Calico Solar Right of Way In Jeopardy

Last month I wrote about the Calico Solar power project because the Bureau of Land Management (BLM) granted Tessera Solar LLC permission to build a solar facility on pristine desert that Tessera never had the capacity to build in the first place, according to information put forward in legal proceedings.  Tessera Solar then sold its permission to build on 7 square miles of public land--called a "right-of-way" grant (ROW)--to a company called K Road Sun.  The BLM now considers the Calico Solar ROW to be "inoperative," and will not allow construction to proceed on the pristine desert until a new environmental analysis is completed, according to information provided by the BLM to the US District Court on 6 June.

Prototype SunCatchers in Arizona in a photo provided by the CEC.  K Road Sun would have to procure thousands of these, but the provider is not clear about its ability to build them, and is currently facing financial difficulties.
K Road Sun modified Tessera Solar's original plans to include a different mix of solar technology, but still planned to use Tessera's "SunCatcher" dishes.  The SunCatcher technology is a major sticking point --if the SunCatchers cannot be mass-produced, then the proposal to generate and sell energy from the site is hypothetical.

I cant blame the BLM for taking a more cautious approach.  BLM rushed to approve the project for Tessera Solar last year, and then watched as Tessera admitted that it could not build the SunCatchers and sold the ROW to another company.  Now K Road Sun is asking for a repeat of last year -- a speedy approval by Federal and State officials ignoring the environmental damage and the fact that SunCatcher technology poses significant hurdles to the viability of the project.

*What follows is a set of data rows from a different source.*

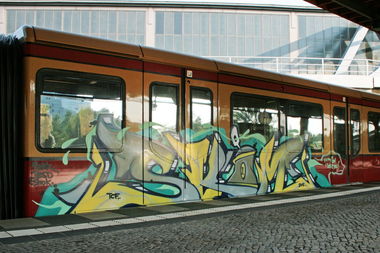 Graffiti Train - Photo by TAKE - Skim, QB, VDS (2012)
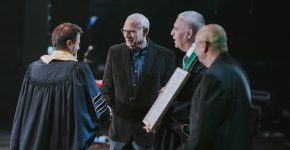 אורן שגיא, מנכ"ל סיסקו ישראל ויו"ר לשכת המסחר ישראל-אמריקה, מקבל את התואר עמית כבוד של מכללת אפקה.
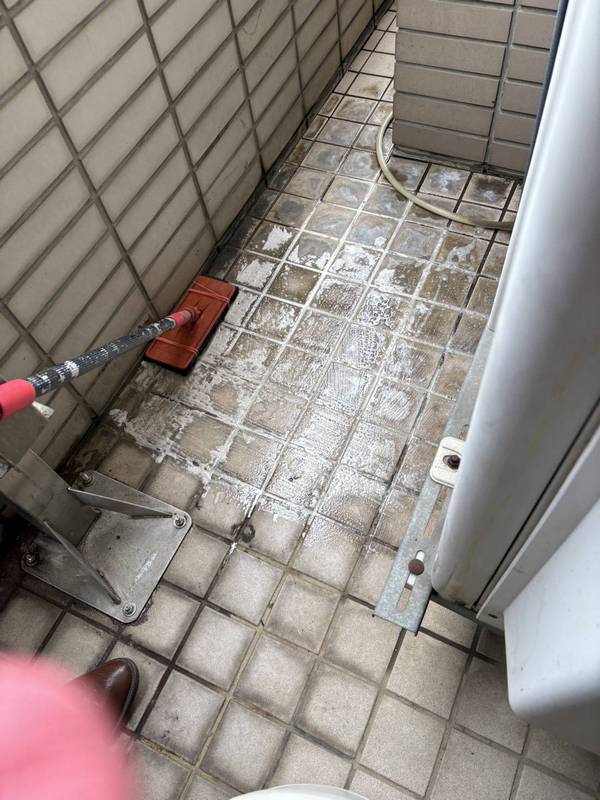 礁溪飯店陽台地板藥水清洗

The California Energy Commission (CEC) is still attempting to accommodate the amended application despite continuing concerns about K Road Sun's ability to build the project.  

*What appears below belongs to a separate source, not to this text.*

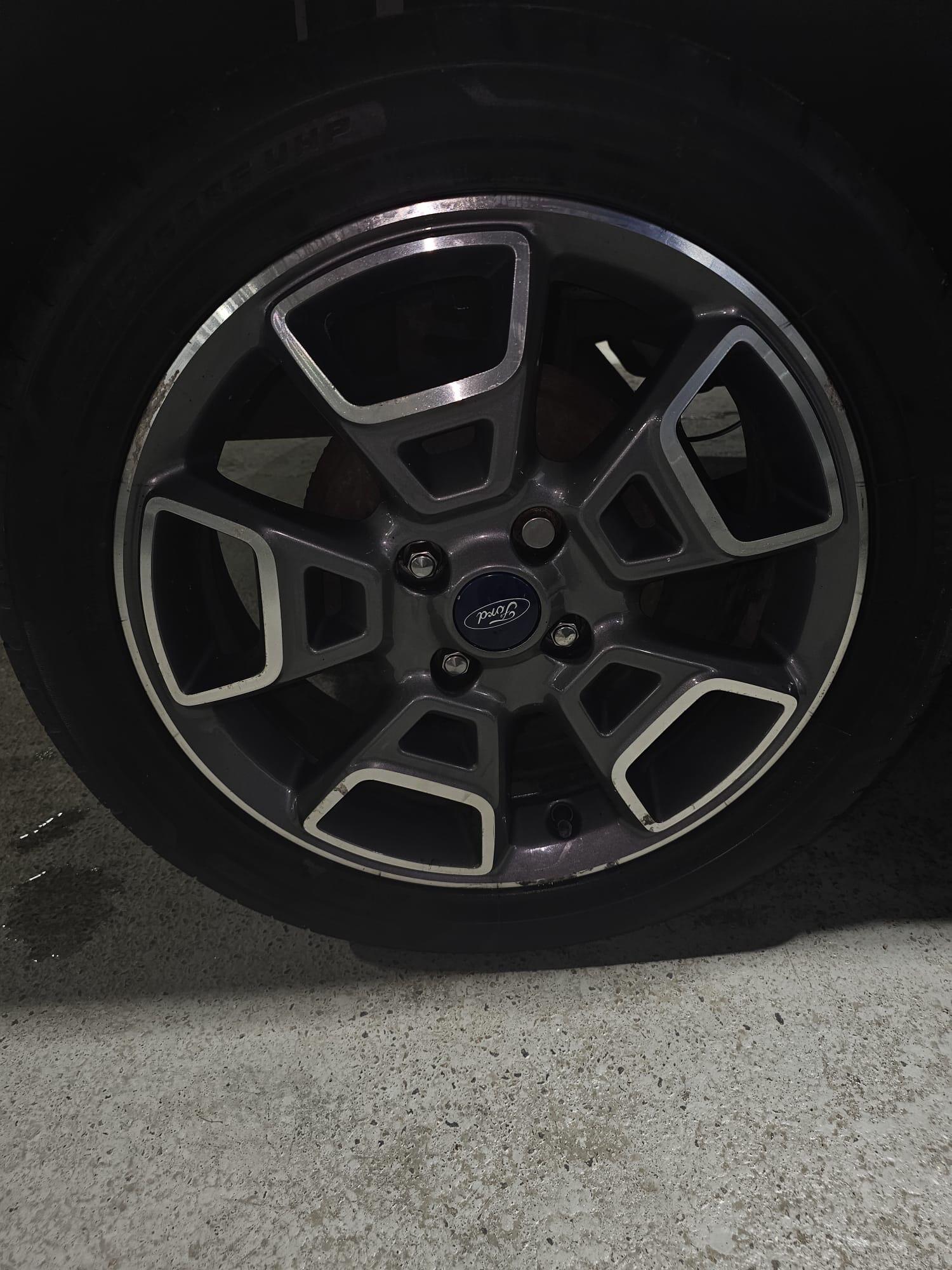 Used Ford Ecosport 2015 for sale - 76855708: Photo 21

The Calico Solar power project should never have been approved in the first place.  The site is home to a thriving desert ecosystem, with dozens of endangered desert tortoises, a rare desert wildflower, and bighorn sheep.
A photo of desert blooms with much of the proposed project site in the background.  The creosote bush scrub habitat is home to a robust tortoise population, and one of the last remaining pockets of a rare desert plant known as the white-margined beardtongue.